Was this obvious early on?
But anyway, it's also clear SpaceX isn't doing the same as Amazon.
Sure, but we the only thing we know about the company is the current S1 filing. Need to time to see what all of that looks like. Fast tracking it and essentially forcing other people to buy without scrutinizing is the problem. They may very well be worth the money they claim, but we won't know until after they've proven it. That's what the rules are there for.
There is plenty of evidence of growth. The problem is SpaceX as it is is a conglomerate recently cobbled together, and so estimating what it is and what it's going to do is challenging.
We don't have good public numbers, but that should be over $13B in revenue and about $2B of income over the last 12 months.

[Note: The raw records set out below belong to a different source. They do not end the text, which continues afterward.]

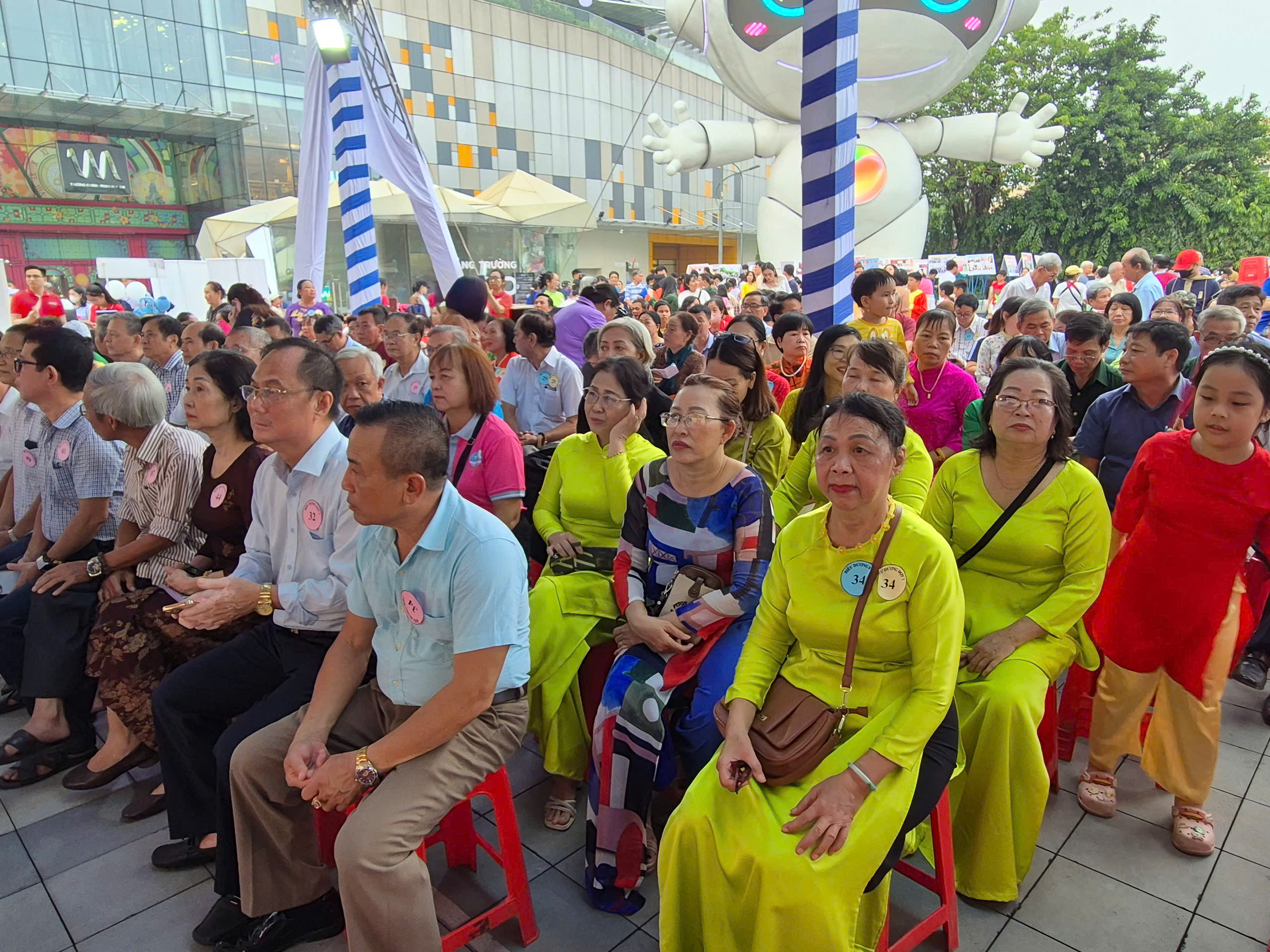 Nhiều hoạt động ý nghĩa tại "Ngày hội non sông- Dân tộc kết đoàn" phường An Hội Tây - Ảnh 1.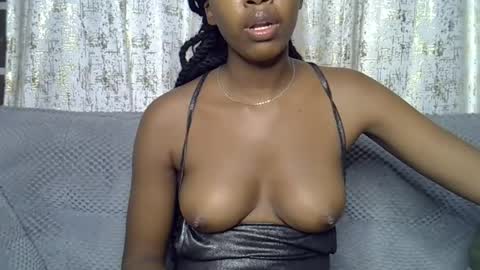 pretty_petite24 online show from June 15, 5:04 pm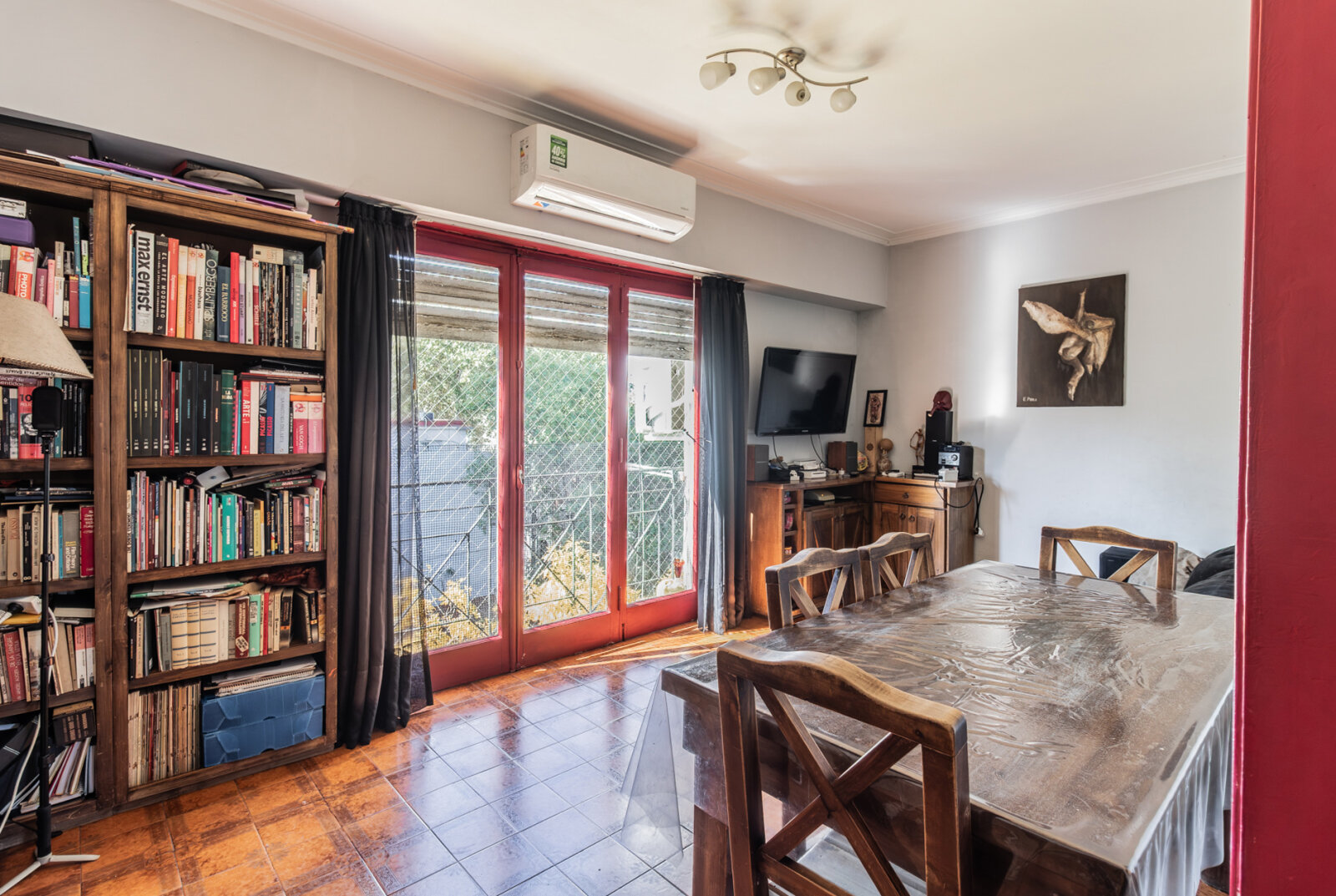 DEPARTAMENTO . FRENTE . BALCON - 2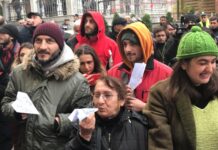 ქაღალდის თვითმფრინავები საავიაციო პოლიციის პირისპირ – ,,ჩვენ არჩევნების გერმანული მოდელი შევთავაზეთ, მაგრამ ამის ნაცვლად აქ ბერლინის კედელი აგვიგეს”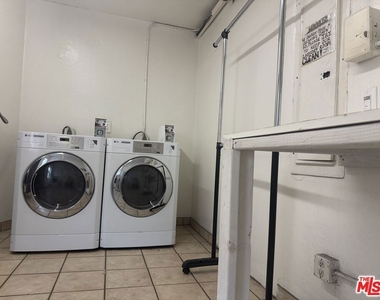 1816 N Gramercy Place - Photo Thumbnail 21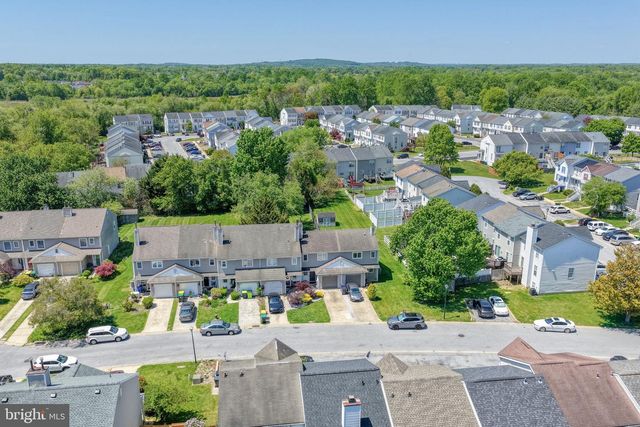 4 S MERRIMENT DR, Newark, DE 19702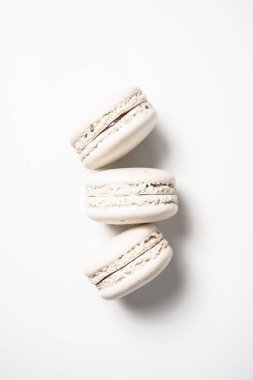 Üç bej beyaz acıbadem kurabiyesi kurabiye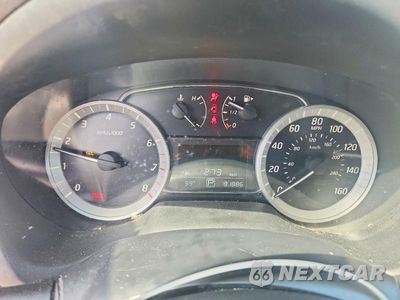 Zdjęcie 9 z 12 samochodu: 2015 NISSAN SENTRA VIN:3N1AB7AP9FY294714 - miniatura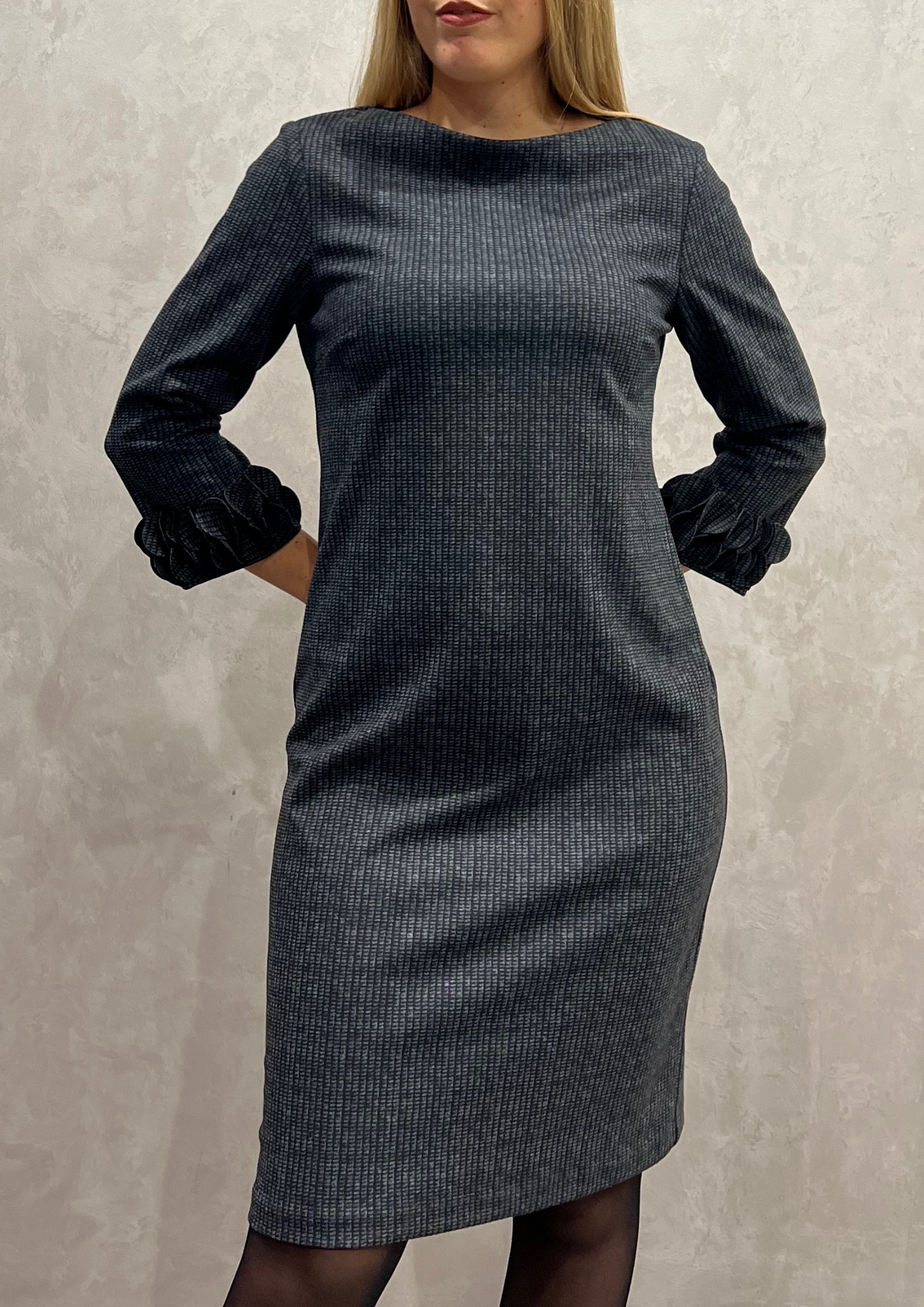 Abito in micro-fantasia con dettaglio tondini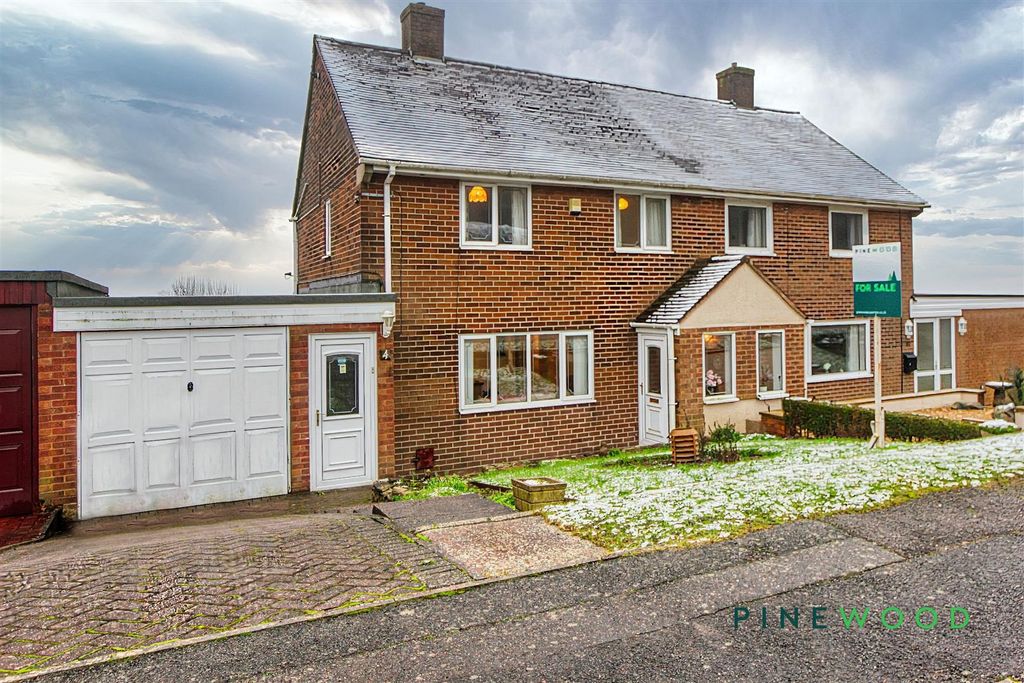 Property photo 1 of 15 Front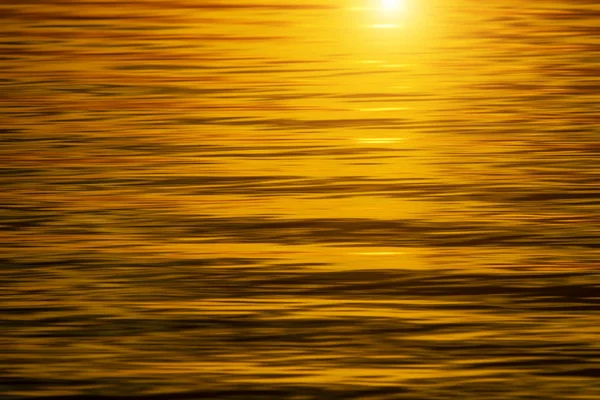 Onda suave abstracta en el agua . — Foto de Stock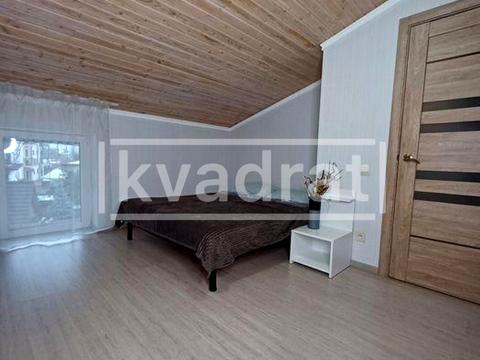 будинок за адресою 136-та Садова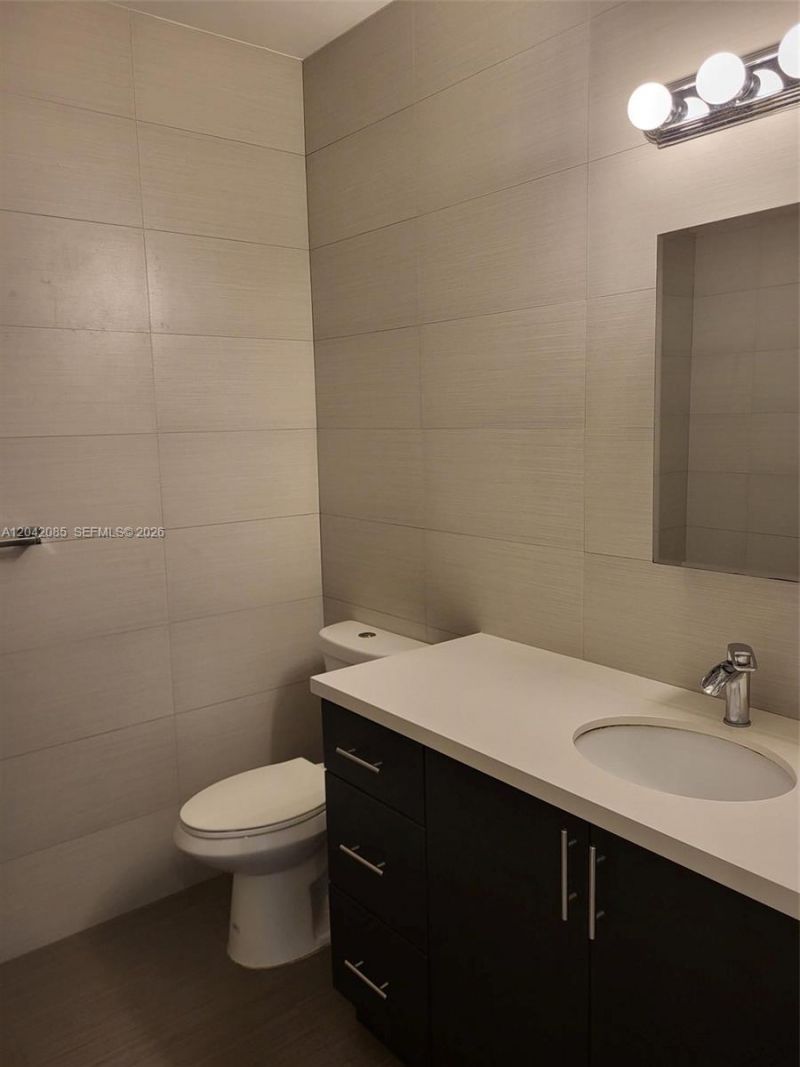 1029 SW 11th Ave , Miami, FL 33130 Photo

Given the growth trend of that 5 years, that approx. $2B of income is likely to double by the end of this year.
Add to that the space launch business around Falcon 9, which had 40+ commercial launches that generated about $4B revenue and something close to $3B of income, and SpaceX was looking strong.
Again, SpaceX isn't what it was 6 months ago, before all the xAI fuckery, but the core business, Starlink and space launch, are doing well by themselves.
Is it really owned by them if Elon retains most of the voting rights anyway?
Look at Tesla and their hard pivot to humanoid robots. He is all in on robots which about a dozen other companies already make and are largely unprofitable in making. He is betting AI rapidly improves in a way that allows robots to become rapidly more useful and there is zero evidence that is feasible in the next 5 - 10 years.
Owned by various folks. Controlled by Elon. Granted, I don't know how Texas law deals with minority rights.
Amazon met profitability requirements and went into the SP500 at around $2.40 in November 2005. Two years before it was $2.70. Six Years before it was $4.40.
Two years _after_ listing it was $4.50. Six years after it was ~$10.
Waiting for profitability seems like it was a good bet.